Decenas de cables de agencias noticiosas en español anunciaban «Falleció el pulpo Paul», lo que provocó, según pudo leerse en redes sociales como Facebook y Tweeter, reacciones negativas del tipo: «Quienes fallecen son los humanos, no los animales». Es decir, todo lo contrario de lo que pretendía Borges, «morir del todo», como lo escribió en un poema, y no «fallecer del todo».
El diccionario de la RAE, que todavía conserva cierta autoridad rectora en la lengua, no distingue sujetos de tal acción ni establece jerarquías: «fallecer» es, a secas, sinónimo de «morir». De modo que bien puede fallecer un pulpo como una golondrina o un monarca.
Es cierto, sin embargo (como también sostenía Borges), que los sinónimos no existen y que siempre hay un matiz diferenciador: «fallecer» a él le sonaba mal porque el lenguaje de los legajos, los documentos y los obituarios se habían apropiado de ese verbo, mientras que «morir» conservaba su pureza clásica, casi heroica. Los vikingos, o los cuchilleros de arrabal, mueren en combate. No fallecen ni perecen ni fenecen ni, mucho menos, dejan de existir en la pelea.
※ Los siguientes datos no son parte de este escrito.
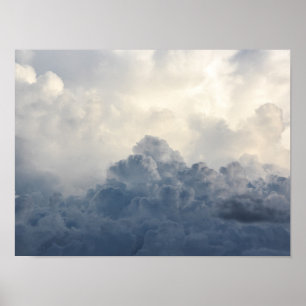 Sturmwolke Himmlische weiße Wolken im Himmel Poster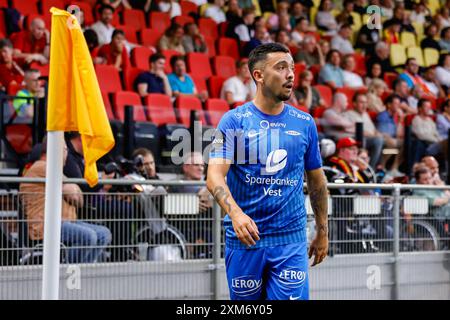 Deventer, Paesi Bassi. 25 luglio 2024. DEVENTER, PAESI BASSI - LUGLIO 25: Niklas Castro dell'SK Brann durante la partita di Conference League tra Go Ahead Eagles e SK Brann allo Stadium de Adelaarshorst il 25 luglio 2024 a Deventer, Paesi Bassi. (Foto di Raymond Smit/Orange Pictures) credito: Orange Pics BV/Alamy Live News Foto Stock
Mueren.
La expresión eufemística, no por casualidad y en casi todas las lenguas, dotó a tan claro verbo de innumerables acepciones, aunque no sería aventurado presumir que el español, de tradición más mortuoria que la sajona, tenga más.
Los ingleses suelen permutar el «died» por el «passed» o «passed away», cuyo registro más vulgar es el «is gone» (equivalente al «se nos fue redepente» de Niní Marshall).
El «passed», en español, puede también traducirse con ecos más solemnes, como aquel «pasaje a la inmortalidad» destinado por el discurso oficial a muy pocos, o pocas, así como en la religión se habla de dormirse en la paz del Señor.
Con todo, las reacciones de ayer no sólo eran contrarias al uso de «fallecer» para Paul, como si se tratara de un ser humano, sino al tratamiento que de su muerte hizo el Sea Life Center de Oberhausen: «Murió en paz, durante la noche, de causas naturales», se dijo en un comunicado, que agregó que su personal se hallaba «devastado» por la noticia.
No es improbable que su sucesor despierte reacciones similares, desde el momento que se lo bautizará Paul II, como a un rey o un pontífice. Efectos colaterales de un siglo al que todavía le cuesta romper con los oráculos, las supersticiones y los mitos, incluido el fútbol.